FAMILY COURT OF AUSTRALIA AT MELBOURNE

FILE NUMBER: MLF 8005 of 1997

MR HORTON

Applicant

And

MRS HORTON

Respondent

And

INDEPDENT CHILDREN’S LAWYER

EX TEMPORE REASONS FOR JUDGMENT

  1. The matter before me concerns a child, M, born in November 1995, who is now 11 years old.  She is also known by the nickname by her father of D.

  2. Although - as it will emerge from these reasons - what I am dealing with is an interim application and the issues are fairly narrow, the context provided by the background needs to be understood; and for that reason, it is necessary for me to detail some of the background.

  3. The matter was the subject of a final hearing before Bennett J in the Albury circuit between 21 and 31 August 2006.  Her Honour delivered reasons for judgment on 27 October 2006.  The reasons comprise 128 pages and 309 paragraphs.  They reflect the complex issues before Bennett J which led her to make the orders she made on 31 August 2006.  Those orders will appear in my judgment, but I don't intend to go through them all now.  The main effect of the orders, however, was that M, who had been previously living with her father, was placed into her mother's care and a residence order in favour of her mother was made, and there were some orders which were for contact but no contact was to take place for a specified period.

  4. It is difficult to summarise in short compass the history and background to the proceedings, but I will try to do justice to the reasons for judgment of Bennett J, albeit in summary form. 

  5. Her Honour indicated in paragraph 3 what the wife's case was:  that is, that she wanted M to live with her in Adelaide, and by the end of the evidence she was seeking that there be a moratorium of six months during which time the husband spend no time with M, followed by communication and time on a strictly supervised basis.  M had been living with her father prior to that time in a small NSW town, and as a result of Bennett J's orders moved to live with her mother in Adelaide. 

  6. A great deal of the judgment involved Bennett J making findings of fact about the many allegations raised by both parties, but particularly by the husband.  It does no justice to the detailed findings but is accurate to say that her Honour found the husband not to be a credible witness and declined to accept his evidence unless corroborated or uncontentious.

  7. It is fair to the husband I think to say that he rejects the findings of Bennett J both in relation to findings of fact and conclusions that her Honour ultimately came to.  He also rejects the findings and conclusions of the single expert, Dr W, by whose evidence her Honour was influenced.  He filed a notice of appeal which, for various reasons, he did not prosecute; and he appeared before Kay J on 15 December 2006 seeking to have his notice of appeal reinstated.  His Honour did reinstate the appeal, but noted and advised the husband that in view of the fact that the child M was by then living with him, that he might better pursue a course designed to revisit the orders of Bennett J rather than to appeal against them.

  8. The husband is 66 years old.  He is a farmer and previously worked as a shearer.  At the time of the hearing before Bennett J he was in receipt of an aged pension and an income-tested pension for M.  He was previously married.  Following separation in January 2005 to the time of the hearing before Bennett J, M had been living with the husband at a small NSW town.  The wife was born in the Philippines and is 43.  She arrived in Australia in 1992.  The husband and wife were married in September 1992.  This was her first marriage.

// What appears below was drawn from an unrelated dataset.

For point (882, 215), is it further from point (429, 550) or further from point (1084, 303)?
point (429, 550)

  9. At the time of the hearing before Bennett J, the wife was living in Adelaide in accommodation rented from an organisation assisting people affected by domestic violence.  She has been diagnosed as having bipolar disorder.  Between separation and the time of the hearing, the only time the wife had spent with M was for assessment interviews for the report of the single expert child psychiatrist, Dr W. 

  10. The many serious allegations made by the husband were not found to be proved on the balance of probabilities by her Honour.  The allegations themselves and the husband’s behaviour, particularly confronting M with allegations that he was making against the wife - especially an allegation that M’s uncle had anal sex with her mother in the home in which at that stage M and the husband were, and alleged abuse of M - were of significant concern to her Honour.  She observed at paragraph 145 of her reasons that she was satisfied that the husband had introduced M to information and imagery about adult sexual matters which were entirely inappropriate for her age, and that he had no remorse of insight. 

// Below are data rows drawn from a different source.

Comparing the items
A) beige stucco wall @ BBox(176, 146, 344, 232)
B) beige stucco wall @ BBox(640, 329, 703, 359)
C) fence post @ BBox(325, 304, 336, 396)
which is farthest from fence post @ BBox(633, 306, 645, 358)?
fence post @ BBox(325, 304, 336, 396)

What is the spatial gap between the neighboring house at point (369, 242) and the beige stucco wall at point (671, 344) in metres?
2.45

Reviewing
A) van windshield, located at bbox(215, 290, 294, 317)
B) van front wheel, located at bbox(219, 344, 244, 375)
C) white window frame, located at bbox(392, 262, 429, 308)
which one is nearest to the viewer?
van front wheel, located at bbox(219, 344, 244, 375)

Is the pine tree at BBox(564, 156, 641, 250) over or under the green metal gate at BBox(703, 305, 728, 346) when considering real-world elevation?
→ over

  11. Dr W described the harm from which M should be protected in paragraph 146:

    It seems to me that the most glaring problem is that [[M]] has simply been exposed to a huge array of sexualised material directed towards her mother, directed towards others, constant references being brought up probably quite inappropriate to situations which run the risk of derailing her own psycho sexual development in a way which is difficult to predict except that there is a high likelihood it will be derailed. 

  12. In paragraph 171 her Honour sets out Dr W’s concern about what he thought were the husband's apparently paranoid thought processes and her Honour's concern for the future of M into adolescence if she were with him.  At paragraph 179 her Honour sets out Dr W expressed opinion in relation to the impact on M of having been given certain material by the husband:

    She has not just been exposed to it, she has also been invited or some how or another added a commentary to it and colluded and being and there has been some collusion between she and her father in posting to her mother or her father has coerced her or whatever it happens to be. 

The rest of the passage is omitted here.